Figure 9. Generate Cabling Plan
Figure 10. Sample Cabling Plan Generated by Network Director
Auto-conversion to Satellite Device from Standalone
The user follows the cabling plan and connects the satellite device running Junos OS or SNOS (in standalone mode) to one of the configured cascade ports (eg. ge-1/0/5) on the aggregation device. This in turn results in a link coming “UP” and notifies Network Director about the link event. Network Director executes a series of RPCs on the aggregation device to determine whether the configuration needs to be pushed for the connection made. If Network Director identifies that configuration needs to be pushed for a standalone device to satellite device, the following configurations are pushed to the aggregation device.

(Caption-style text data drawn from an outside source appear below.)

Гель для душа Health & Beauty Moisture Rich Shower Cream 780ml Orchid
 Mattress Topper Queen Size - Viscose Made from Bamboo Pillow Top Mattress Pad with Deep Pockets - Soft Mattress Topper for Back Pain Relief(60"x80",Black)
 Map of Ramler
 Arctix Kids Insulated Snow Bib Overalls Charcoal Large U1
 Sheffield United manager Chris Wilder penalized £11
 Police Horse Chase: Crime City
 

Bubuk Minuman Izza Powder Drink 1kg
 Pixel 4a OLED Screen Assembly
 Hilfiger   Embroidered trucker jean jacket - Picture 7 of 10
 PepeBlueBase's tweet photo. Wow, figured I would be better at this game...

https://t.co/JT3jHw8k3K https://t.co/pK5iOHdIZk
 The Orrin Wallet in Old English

set chassis satellite-management fpc 65
set chassis satellite-management fpc 65 alias sd65
set chassis satellite-management fpc 65 cascade-ports ge-1/0/5
As can be seen from the above configuration, Network Director assigns FPC slot ID 65 to the connected device and the alias prefixed with “sd”. Network Director loops through the slot ID range and selects the first available slot ID for the connected device.
The prerequisites for platform auto-satellite conversion are the following:
- SUG created and the FPC slot mapped to one of the SUGs
- Auto satellite conversion enabled
- SNOS image availability in the aggregation device
- SNOS image mapped to the SUG
Network Director ensures that the connected device is able to join the Junos Fusion by automating all of the prerequisites to be met. Network Director automates prerequisites 1 and 2 by creating a default SUG and assigning all the satellites to the default SUG as part of the configuration staged for the aggregation device serial number or MAC address in the DHCP/file server. Network Director automates prerequisites 3 and 4 by pushing the SNOS image and mapping the SNOS image to the default SUG during discovery and management of the aggregation device. With all the above prerequisites met, the connected device will get auto converted from standalone mode to satellite mode. After the device joins as a satellite member in Junos Fusion, the aggregation device sends a syslog about the new satellite member coming online in Junos Fusion. Network Director/Junos Space Network Management Platform listens for this syslog and updates the physical and logical inventories based on the syslog.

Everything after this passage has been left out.